** Try it **
Omit the pictures and return exactly the stretch of the material below from the line with "Welcome to your" through the line with "Assalamualaikum, hello friends, how".

*** Information supplied ***

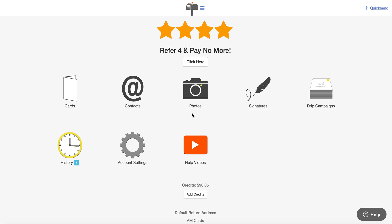In this recording I'm going to share with you how you can build a drip campaign and send one. If you haven't seen the video on how to create and save a template, make sure that you watch that one first, because you need to create the templates first and then you can build out a drip campaign, which is a sequence of cards.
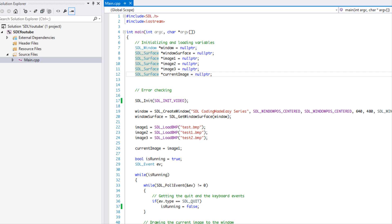Welcome to your 7th SDL 2.0 Made Easy tutorial. In this tutorial we're going to be doing joystick and gamepad input. I'm going to show you one way to handle joystick and gamepad input in this tutorial, and then a more upgraded version in the next tutorial. We're going to be doing a lot today, so without further ado let's get started.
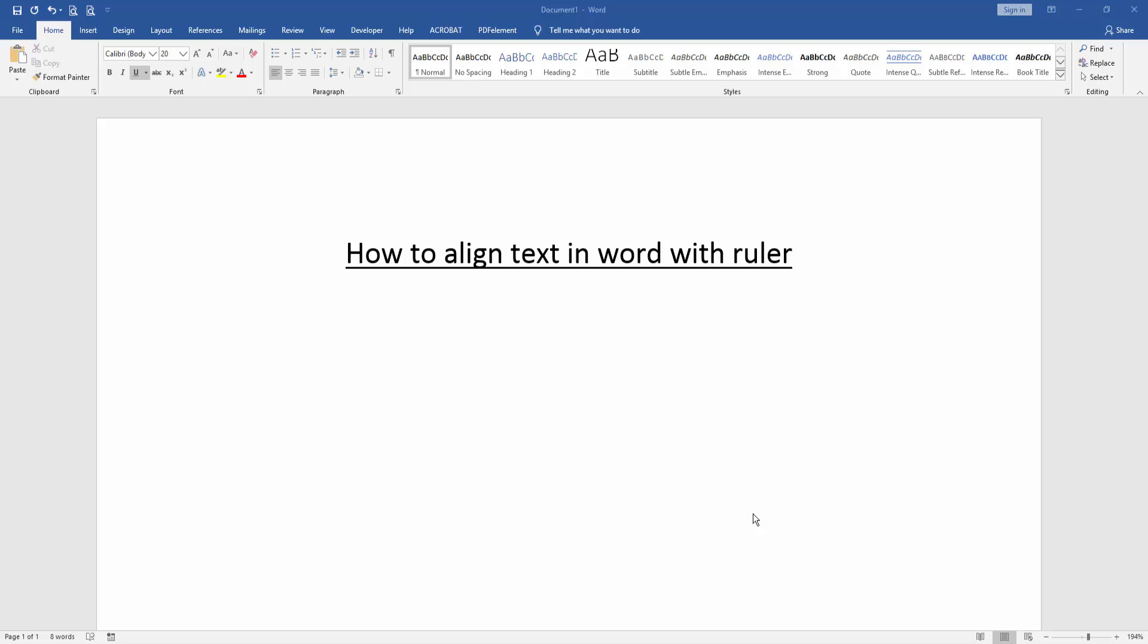Assalamualaikum, hello friends, how are you? Welcome back to another video. In this video I am going to show you how to align text in Word with ruler. Let's get started. At first we have to open a Word document.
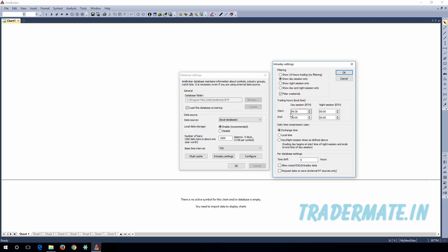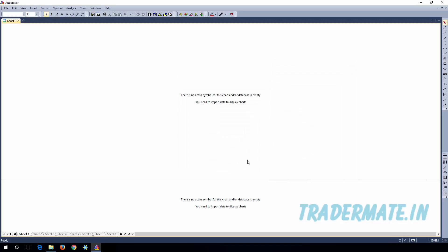Since we are providing NSE data, specify the market time for NSE: 9:15 to 15:30. If the time is 3:30 PM, you need to specify 15:30 — enter the time in 24-hour format. In the Daily Time Compression, select Local Time, not Exchange Time. In the Per Database Settings panel, select 'Allow Mixed EOD Intraday Data'. Once done, click OK and then OK again. This will create the new database in AMI Broker ready to receive data from the real-time feeder.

***

** Result **
Welcome to your 7th SDL 2.0 Made Easy tutorial. In this tutorial we're going to be doing joystick and gamepad input. I'm going to show you one way to handle joystick and gamepad input in this tutorial, and then a more upgraded version in the next tutorial. We're going to be doing a lot today, so without further ado let's get started.
Assalamualaikum, hello friends, how are you? Welcome back to another video. In this video I am going to show you how to align text in Word with ruler. Let's get started. At first we have to open a Word document.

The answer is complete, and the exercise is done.